Si jamais elle décidait de remourir aujourd’hui, ma mère, je voulais qu’elle le fasse en écoutant cette chanson. Et moi qui la fredonne à côté, en lui tenant la main, et en pleurant, un peu. En pleurant comme un homme qui n’a jamais pleuré avant. Par la fenêtre, toujours pas de flocons. Dehors, ce n’était pas le mercredi 5 février, 16h46, mais en dedans, en dedans, il y a longtemps qu’il n’avait pas fait si froid.

4 commentaires:

Anonyme a dit…

Et bien....

Tu sais, aujourd'hui j'ai envie de dire à la vie de te laisser un peu tranquille, juste une petite pause pour goûter la saveur du bonheur plus longtemps que 24h...

Ge

Anonyme a dit…
Ce commentaire a été supprimé par un administrateur du blog.
L'intense a dit…

Alors faut que tu écoute cette chanson là reprise par Johnny Cash

http://www.youtube.com/watch?v=SmVAWKfJ4Go

Je connais à peine ton blogue, mais sérieusement tu me fais vraiment tripper.
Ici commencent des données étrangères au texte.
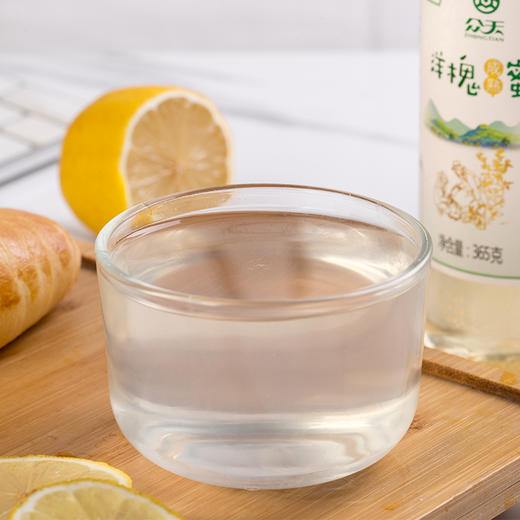 众天秦岭深山天然成熟洋槐蜂蜜1.1公斤 家庭实惠装  清爽槐香，入口不腻。 商品图3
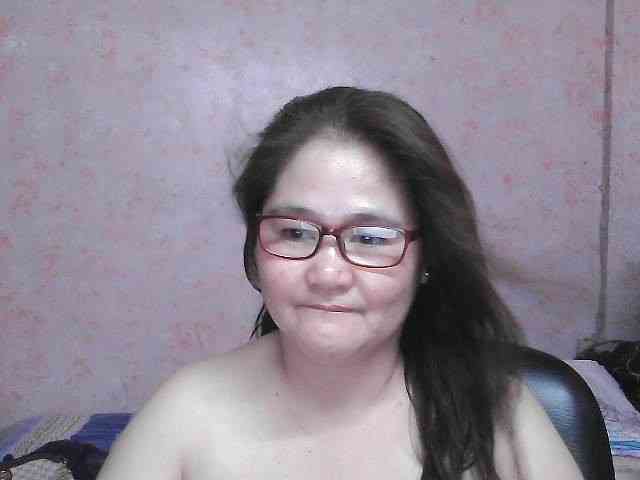 NICEtitspinay webcam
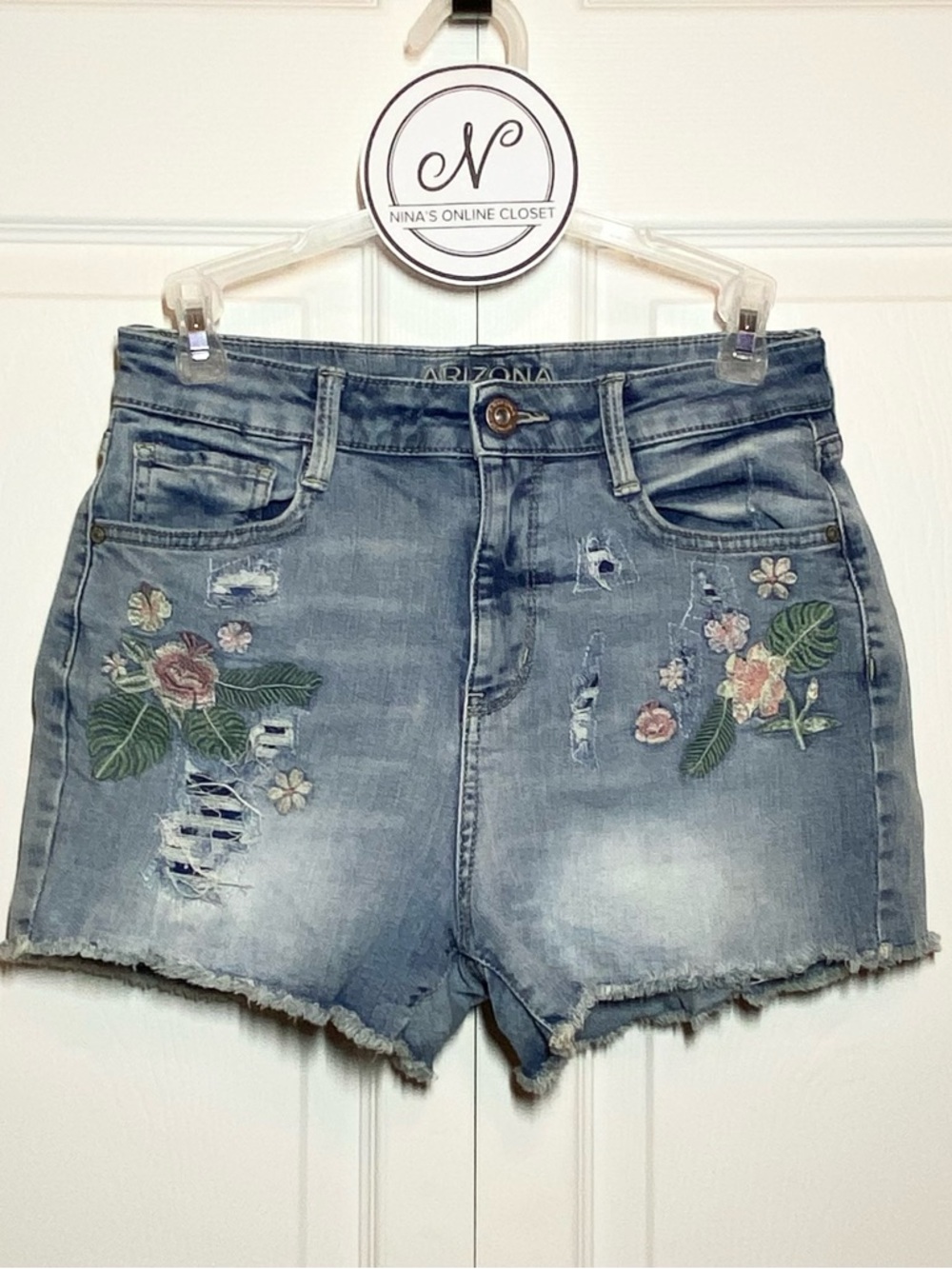 ARIZONA JEAN CO Juniors Denim Jean Shorts Low Rise Blue Size 7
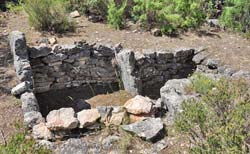 Adrets Dolmen Southeast, left side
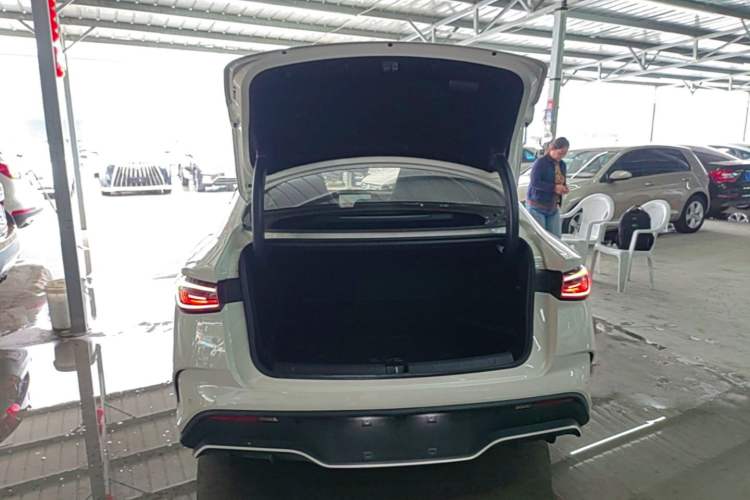 Used BYD Seal 06 New Energy 2025 DM-i Smart Drive 80KM Luxury Model Trunk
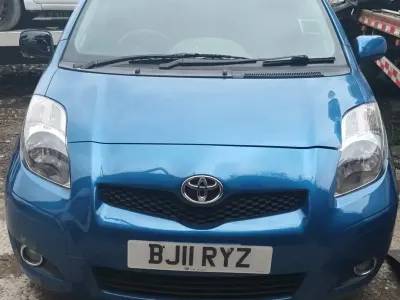 Begagnad Toyota Yaris 2011 Blå Halvkombi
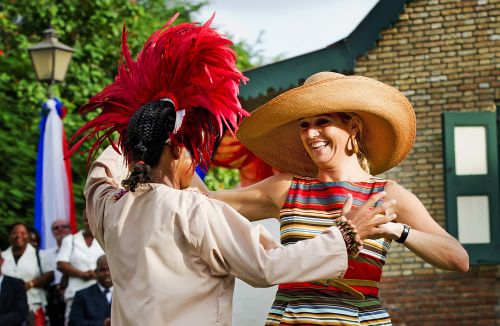 Prinses MÃ¡xima danst tijdens een cultureel festival in het Historical Foundation Museum op Sint Eustatius. EPA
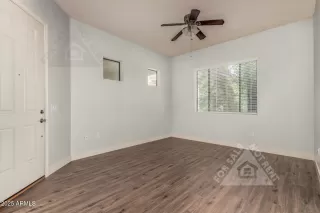 Photo #3: 6946836 Listing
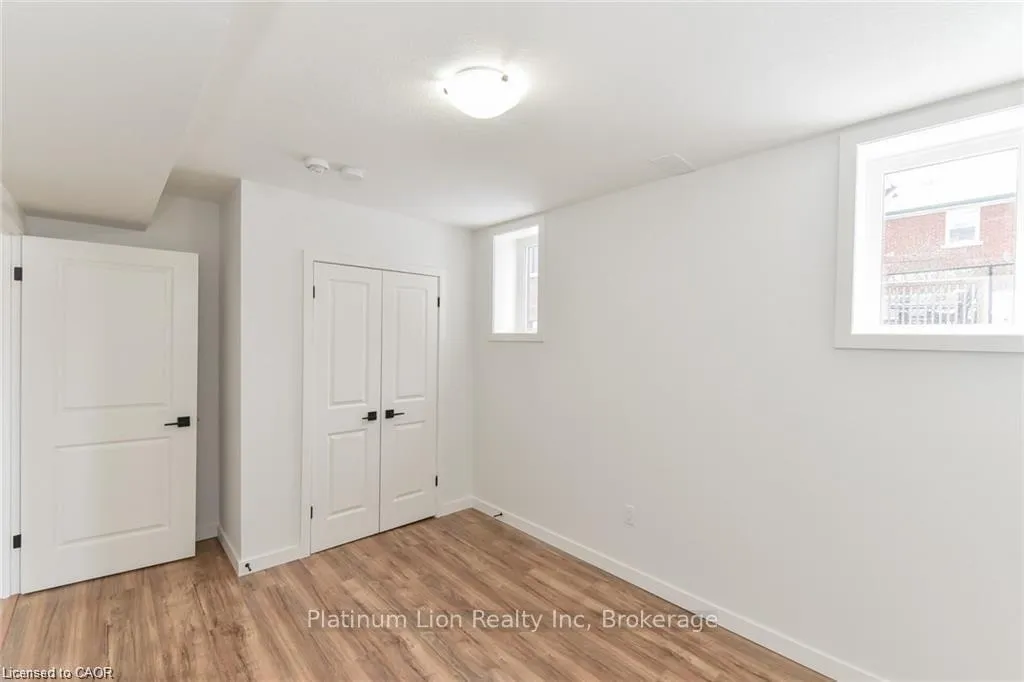 Photo 33 of 46 Franklin Street S, Kitchener — HOMEH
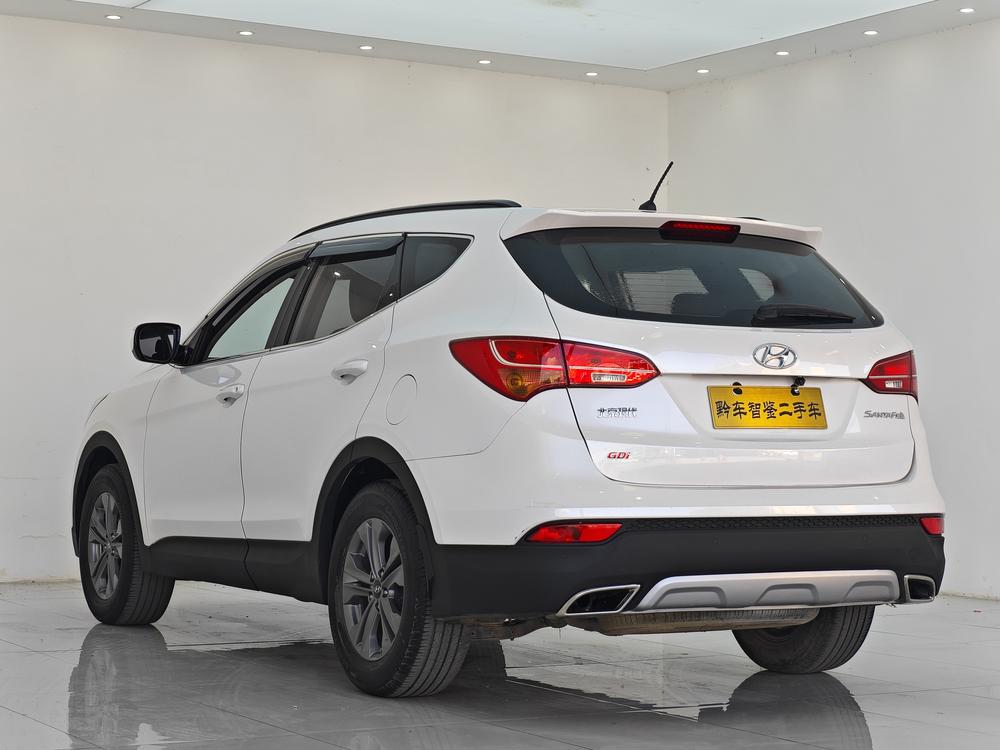 Hyundai Santa Fe 2015 модификация 2.0T автоматическое 2WD Intelligent 5 seat – фото 5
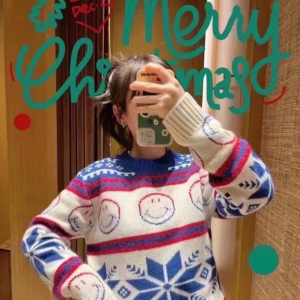 Sandro x Smiley 圣诞限定 笑脸毛衣/围巾/手套 圣诞氛围拉满！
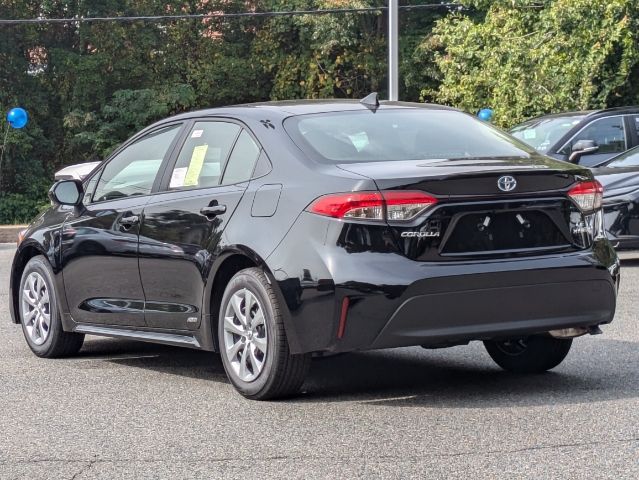 2024 Toyota Corolla Hybrid LE 5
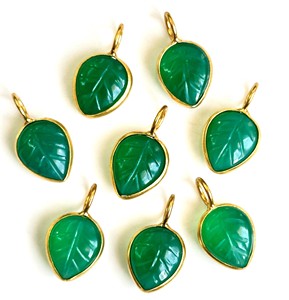 Pierre d'onyx vert naturel sculpture de feuilles breloques en argent sterling 925 10x8mm cadre de lunette en or vermeil pendentifs en pierres précieuses sculptées - Product Image 1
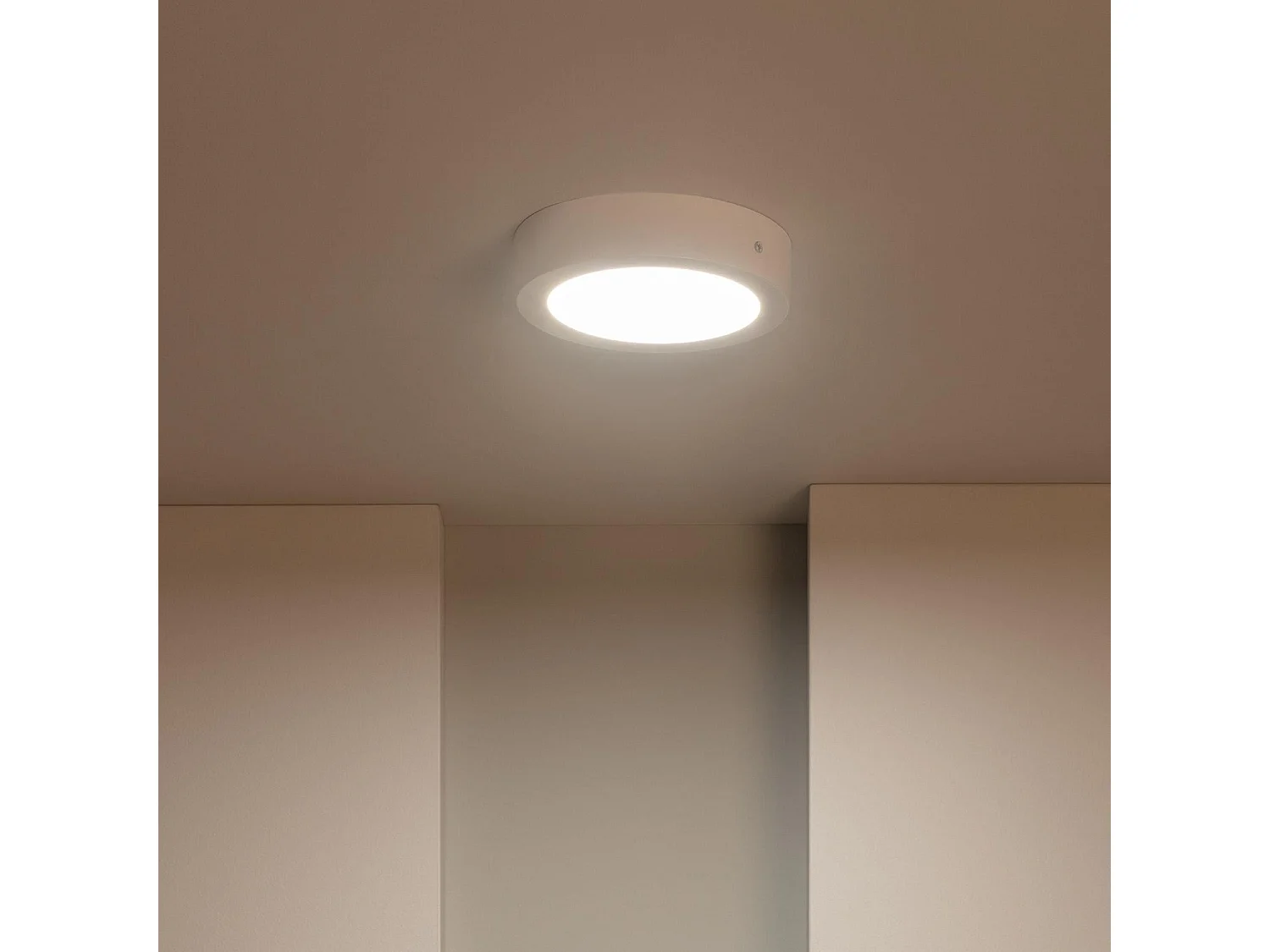 Plafonnier LED Rond 12W SwitchCCT Sélectionnable Ø 170mm Dimmable Compatible avec Télécommande RF V.2 Sélectionnable (chaud-neutre-froid)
Ça ma touché droit au coeur.

Mélissa Verreault a dit…

Merci L'intense et Ge, pour vos commentaires... ça vous semble rien, mais ça me fait du bien ce petit support moral... Je sais que je ne suis pas seule au monde, que d'autres sont passés par des chemins difficiles, mais reste que ça l'est, dur. Et de recevoir des petits mots d'encouragement de la part de purs inconnus, ça me redonne un peu d'espoir. Un peu... Chaque chose à la fois, quand même...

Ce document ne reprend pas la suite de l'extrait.